APPLEがデジタル機器におけるプライバシー保護の重要性を訴える新CM「iPhoneのプライバシー | 個人情報オークション」が、5月より公開されています。
CMは、買い物中の少女“エリー”が、店内の隅に「エリーの個人情報オークション」との札が下がったドアを見つけてしまう所からスタート。中に入るとオークションが開かれており、「次の出品はエリーの個人情報。魅力的なデータがそろっています」との掛け声のもと、彼女のメールや購入履歴、取引明細、行動履歴が競売にかけられようとしています。自分のプライバシーに次々と入札の声が上がる中、呆れたエリーは、iphoneの画面上で「Appにトラッキングしないように要求」を選択。指先一つで、会場に集まった競売人やブローカー達を煙のように消してゆき、「プライバシー。これがiPhone」の文章とともにエリーの安心の笑みでCMは締めくくられます。

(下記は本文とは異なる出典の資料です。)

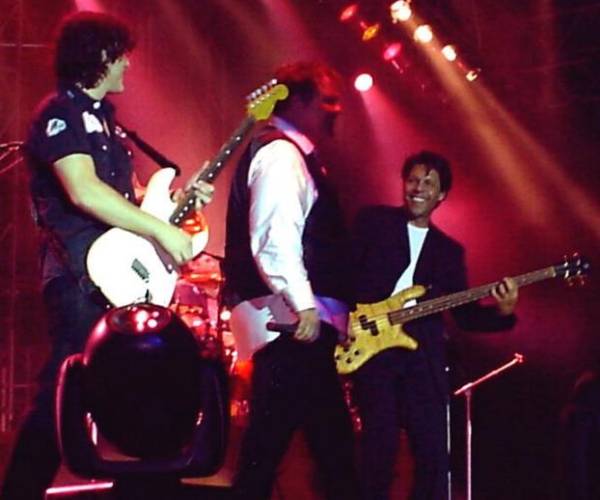 Kasim Sulton (with Meat Loaf) at the Meadowbank Arts Center in Gilford, NH, 08/11/07 - photo by Mike B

CMの背景で流れているのは、劇伴作曲家として50年代から80年代にかけて活躍したメキシコ人ピアニスト、
エスキベルの「Fantasy」です。50〜60年代に、宇宙をテーマにしたムード・ミュージック “スペース・エイジ・バチェラー・パッド・ミュージック”で人気を博し、ラテン要素をスペイシーかつ洗練されたインスト音楽に落とし込んだ作風で、
マーティン・デニーや
レス・バクスターらと並び、モンド/エキゾチカ・サウンドの巨匠としても挙げられるエスキベル。90年代にはラウンジ・ミュージック・シーンで再評価され、
ステレオラブや
コーネリアスがファンを公言するほか、数多くのアーティストの楽曲にサンプリングで使用されました。
「Fantasy」は、ビッグ・バンドを率いての1959年作『STRINGS AFLAME』(写真)などに収録。
ブラームスのハンガリー舞曲集をベースに、エスキベルらしい妖しくエキゾチックなオーケストラ・アレンジで編曲したもので、個人情報取引の実態をコミカルに描きつつも、知らない間にプライバシーが搾取される気味の悪さを表現した本CMに妙にマッチしています。